Opinion article by Dr Cecile Duvenhage, Lecturer in the Department of Economics and Finance, University of the Free State

Awards and bailouts

The World Travel Awards recognised the state-owned enterprise (SOE), South African Airways (SAA), as Africa’s leading airline – every year from 1994 to 2015. However, behind the scenes, the flag carrier has repeatedly been given lifelines thanks to government guarantees. The last year that the SAA made a profit was in 2011.

Over the past decade, more than R16,5 billion in taxpayers' money was spent on bailouts for the airline. In the February 2020 budget, the government set aside R16,4 billion, of which R11,2 billion was for SAA’s debt-servicing costs. 

The SAA has been fighting for its survival since it entered into voluntary business rescue in December 2019 and is facing liquidation after specialists were appointed at the end of April 2020 to try to save the airline.  

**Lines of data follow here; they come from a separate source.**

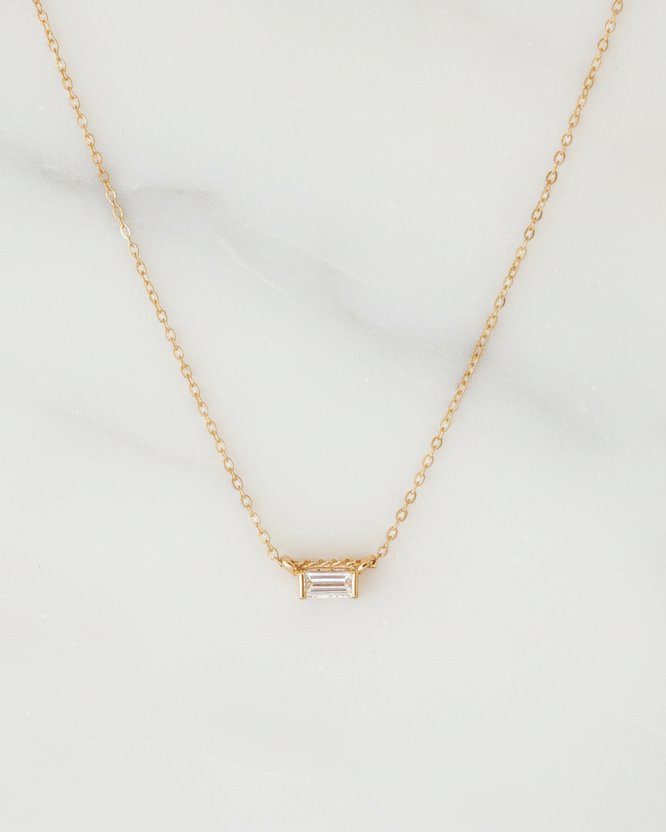 14k Gold dainty chain necklace with a lab grown diamond baguette charm on a marble background, fine jewelry by Sincerely Chain Co.
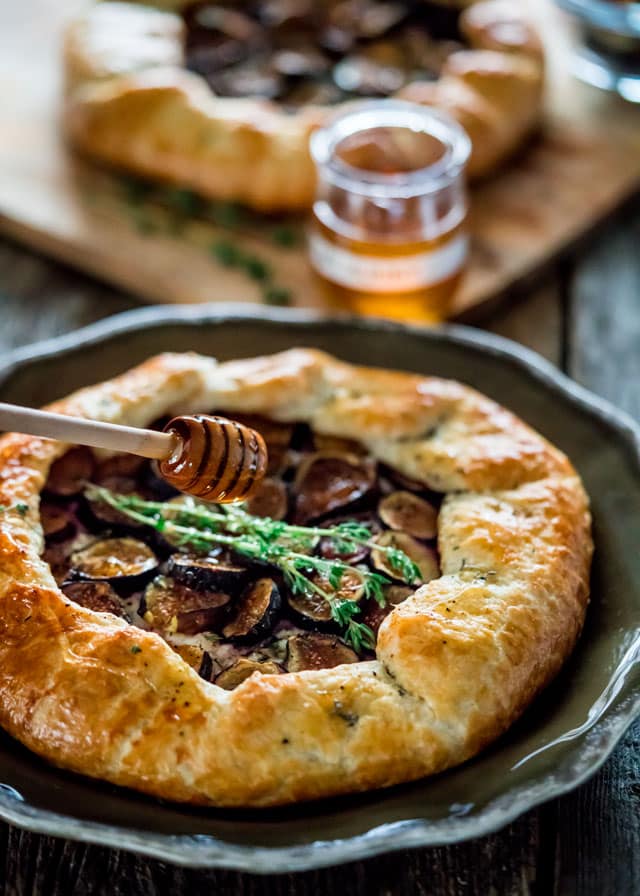 a plate with a galette filled with figs, garnished with thyme sprigs and a honey comb drizzling honey over it.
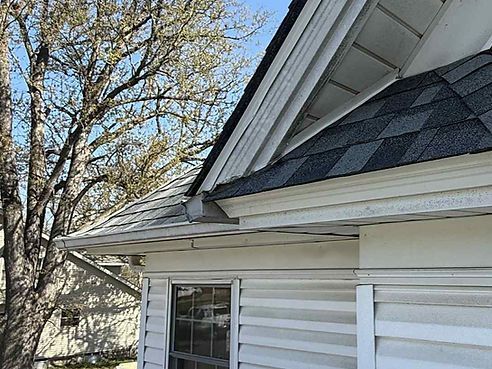 White house exterior with gray shingle roof, gutters, and siding, and a bare tree in the background.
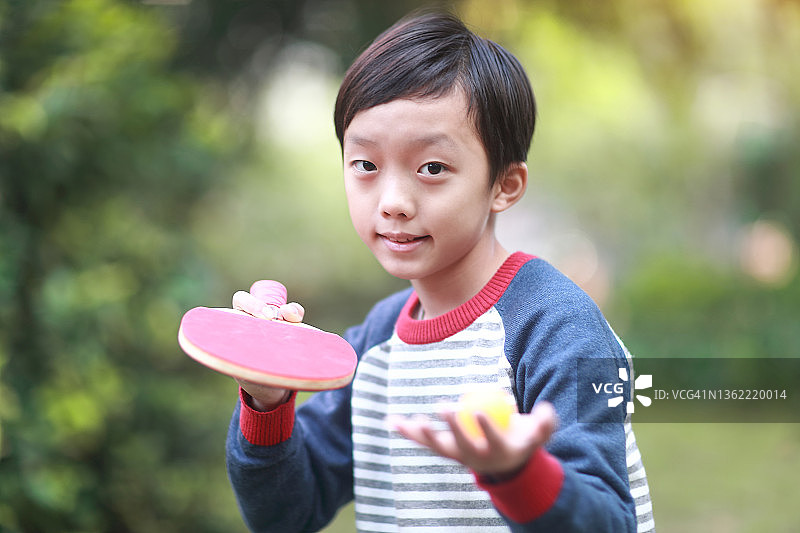 微笑的男孩在花园里打乒乓球图片素材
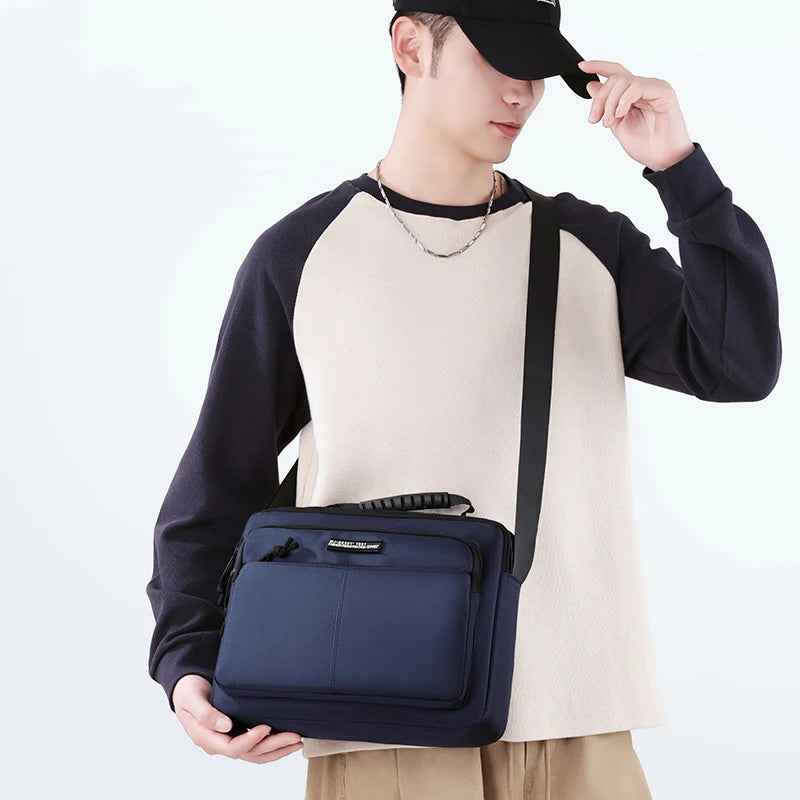 A man wearing a black cap and dark shirt holds a navy blue professional waterproof business briefcase.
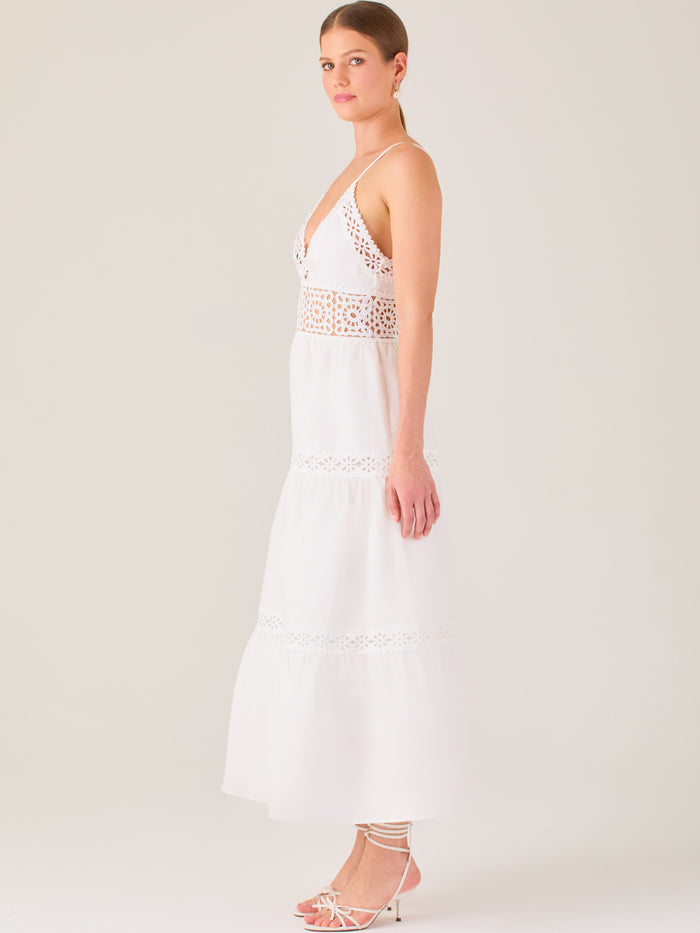 Este vestido largo blanco tiene un estilo fresco, romántico y veraniego. Cuenta con finos tirantes y un escote en “V” pronunciado, delicadamente adornado con bordado tipo encaje floral que continúa en la cintura, generando un efecto de transparencia sutil y elegante.

La falda de corte amplio y largo midi cae suavemente desde la cintura, con detalles de franjas horizontales de bordado calado que repiten el motivo floral. El tejido ligero y vaporoso aporta comodidad y libertad de movimiento.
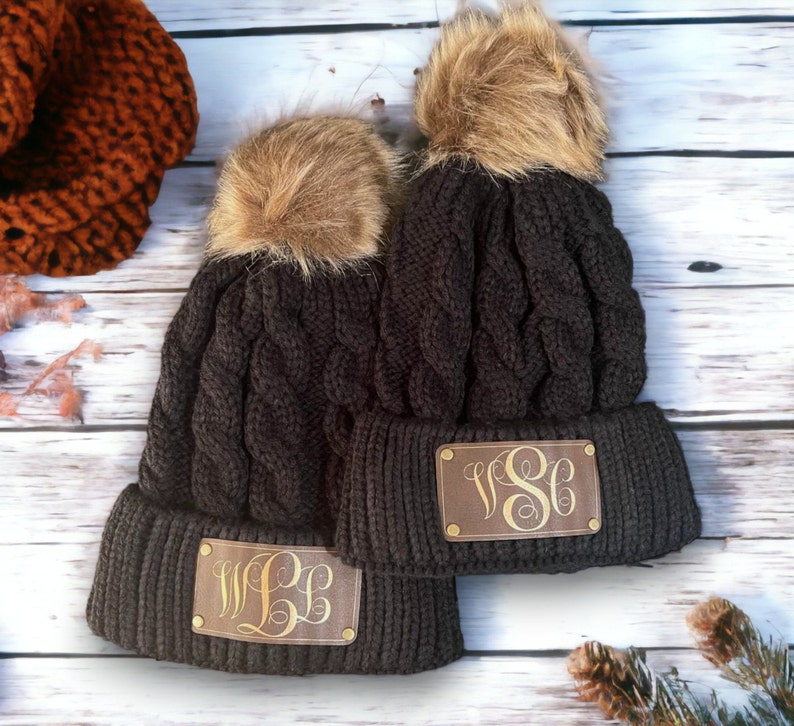 May include: Two black knit winter hats with faux fur pom poms. Each hat has a brown leather patch with gold monogram initials. The initials on the hats are "WLL" and "VSC".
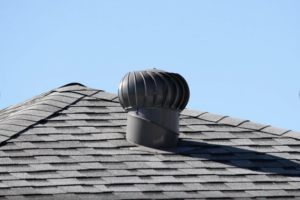 photo of an asphalt shingle roof with a turbine vent and blue sky in the background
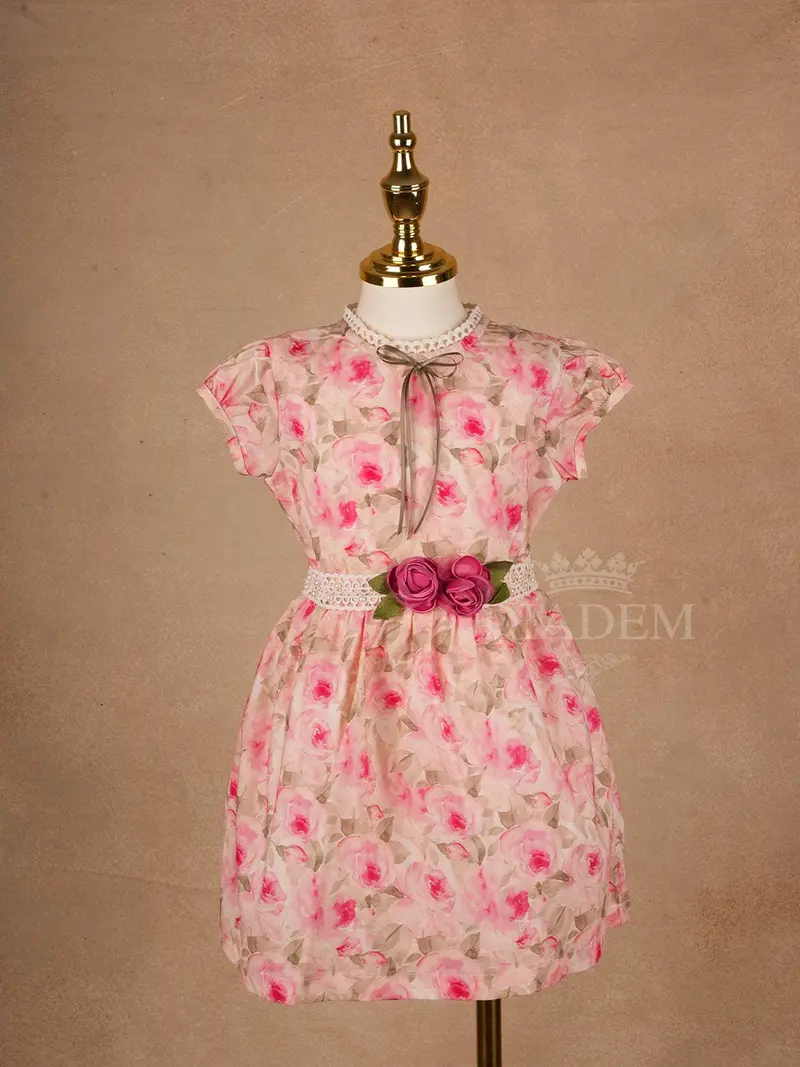 Pink Cotton Frock Adorned With Floral Designs And Bow For Girls 1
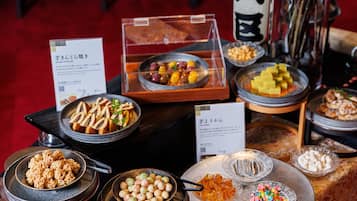 A buffet with various dishes including sushi, pickled vegetables, and sweets.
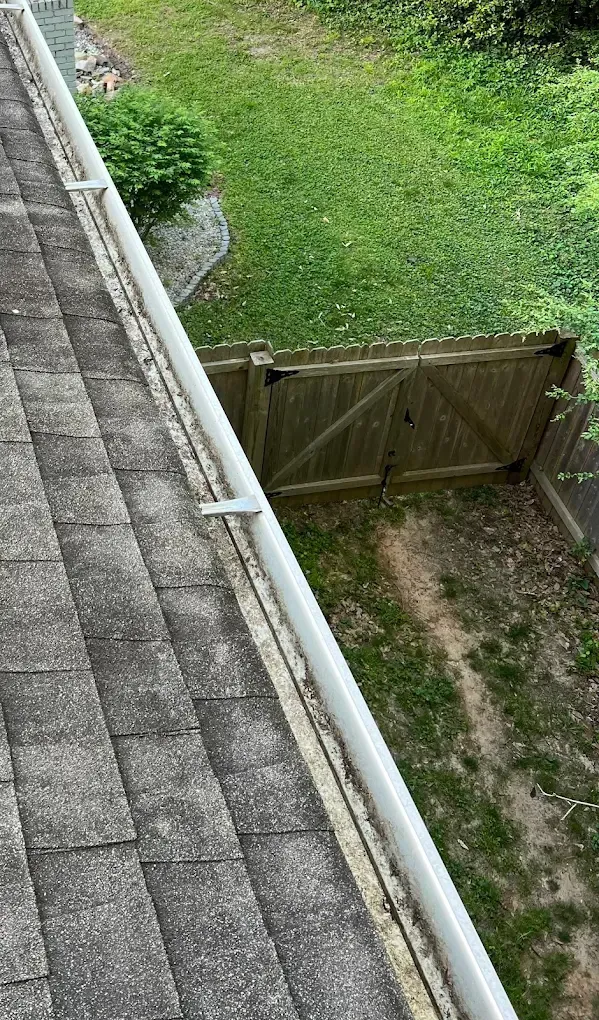 Roof with dirty shingles and filled gutter, fence, and grass.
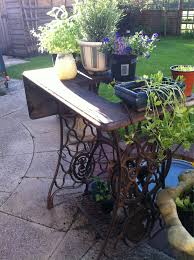 My New Garden Ornament A Vintage Singer Sewing Table Singer Sewing Tables Diy Garden Decor Sewing Table
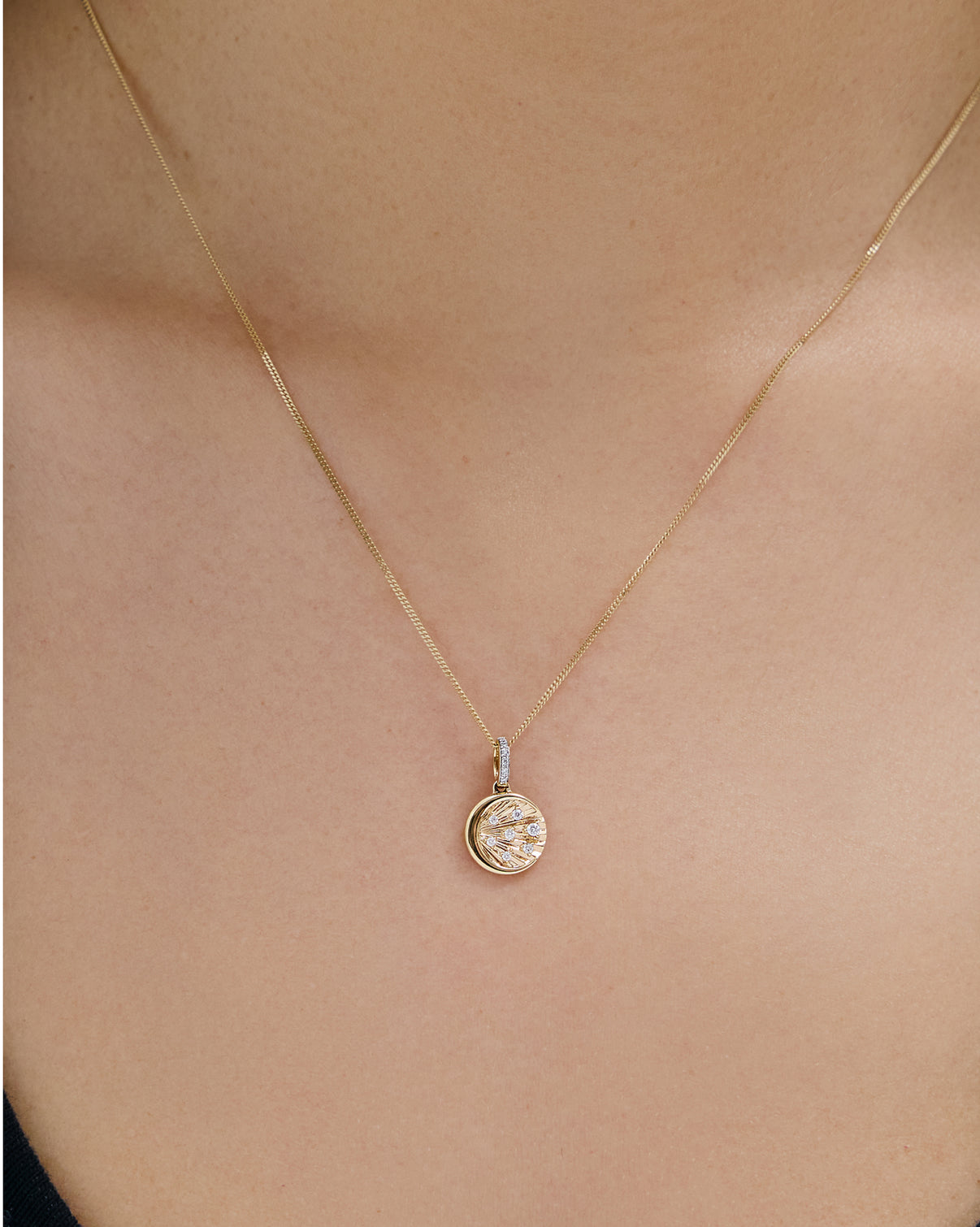 Moon & Stars Diamond Charm shown on a gold necklace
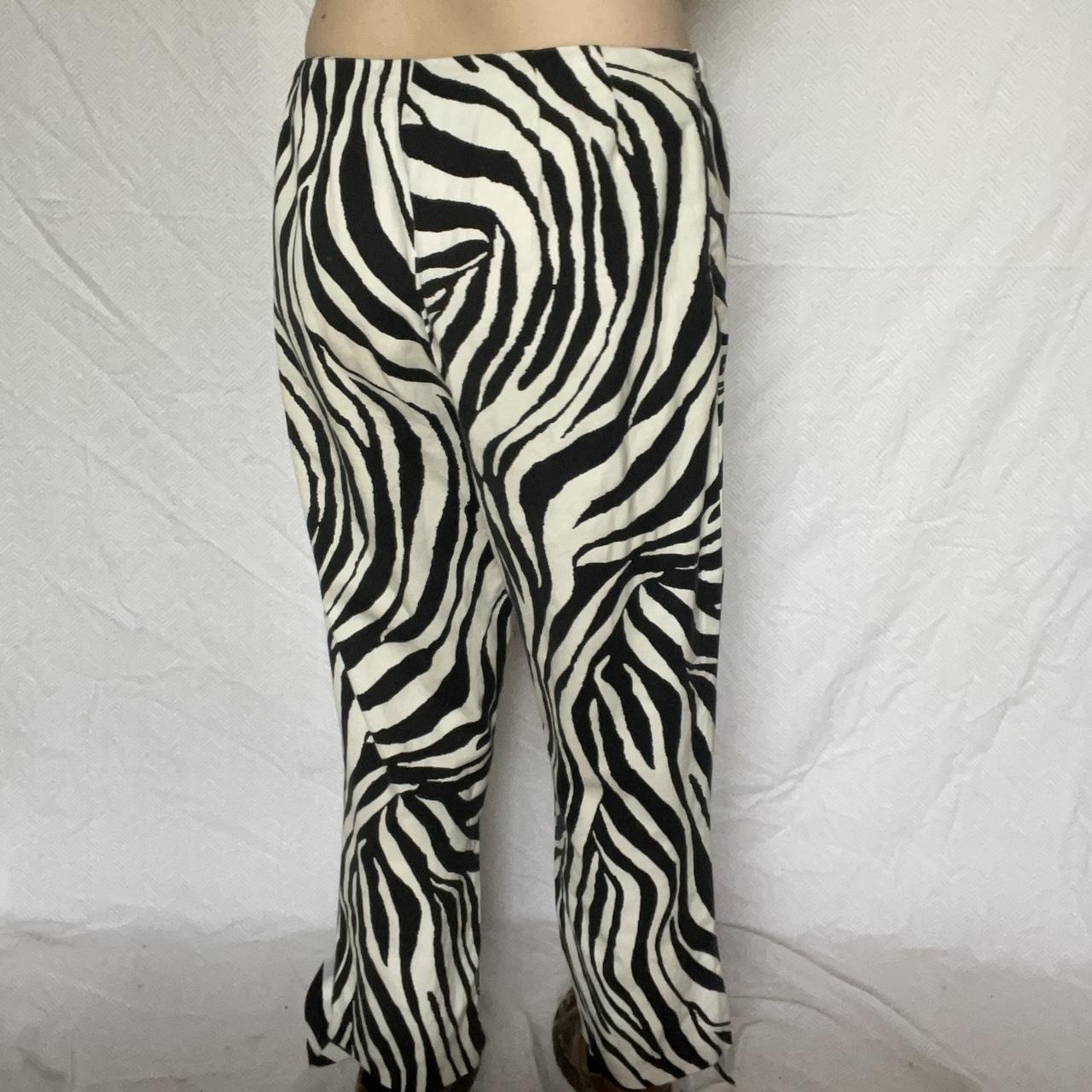 Funky zebra pants! With a fun flare/ slit ankle... - Depop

How did SAA end up in this mess?

After the government deregulated the domestic airline industry in 1991, SAA lost its national market share (of 95%), especially to Comair and FlySafair. The airline was also hit on its African routes, where Ethiopian Airlines started to erode its competitive position. Theoretically speaking, deregulation breaks the market power of a monopoly, and inefficiency will put you out of business in a competitive environment. 

Add the component of poor management and suspect tenders (pertaining to the former SAA chairperson Dudu Myeni’s plan to buy several Airbus planes, sell them to a local company, and then lease the planes back), and debt starts to snowball. Additional poor management decisions include the desperate saving measures on essential expenditure, which led to the buying of ‘fake parts’. Unnecessary sponsorships (ATP tennis), given a tight budget, reflect poor management decisions by SAA. 

Surely, the weak rand played a role in the profitability of SAA, but also for the competitors who managed to survive due to efficient management. 

So, what are the cards on the table? 

The cards include liquidation, foreign direct investment (FDI), and a rescue package under Section 16 of the Public Finance Management Act (PFMA).

The liquidation of the airline will reduce future ongoing operational losses but will require the payment of creditors who rely on the so-called ‘implicit guarantee’ of ongoing funding by the state. Thus, debt claims cannot be avoided, as would be the case with conventional companies. Besides, there is no consensus regarding the liquidation cost – ranging from R2 billion to R60 billion.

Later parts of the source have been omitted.